**REQUIRED WORK**
Copy, pictures aside: the lines below from the one that holds "Common pleco (Hypostomus plecostomus)" through the final line of the listing, both ends included, exactly as they are and nothing else.

**DATA PROVIDED**
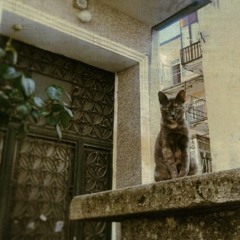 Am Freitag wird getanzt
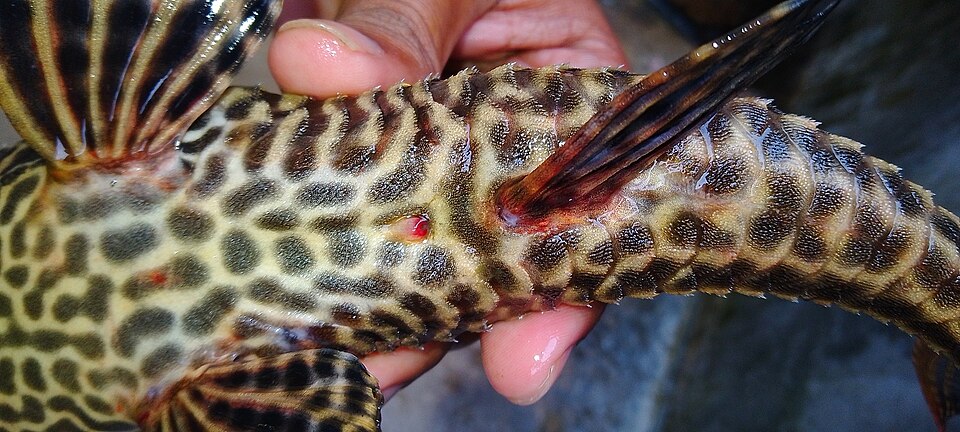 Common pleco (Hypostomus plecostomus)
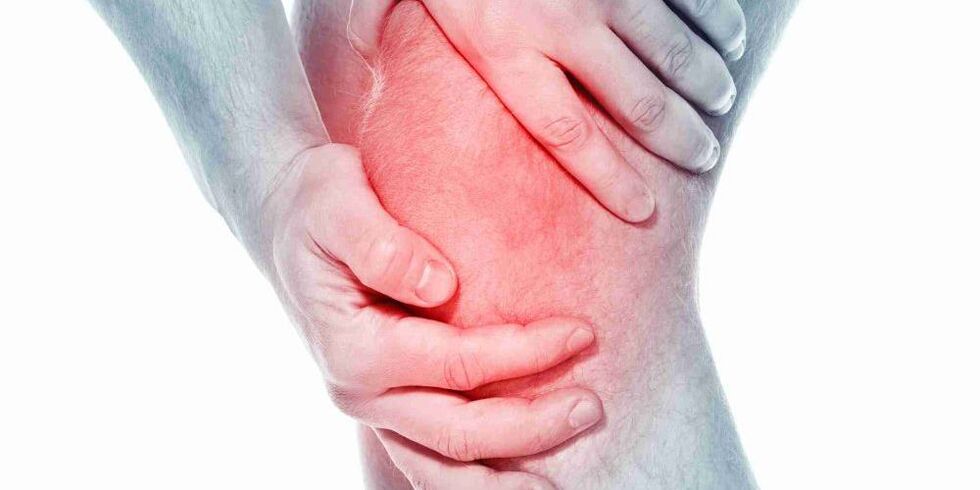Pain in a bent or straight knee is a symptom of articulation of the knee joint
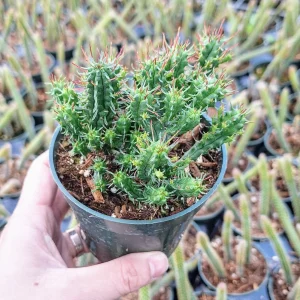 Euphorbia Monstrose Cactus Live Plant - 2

**TASK SOLUTION**
 Common pleco (Hypostomus plecostomus)
Pain in a bent or straight knee is a symptom of articulation of the knee joint
 Euphorbia Monstrose Cactus Live Plant - 2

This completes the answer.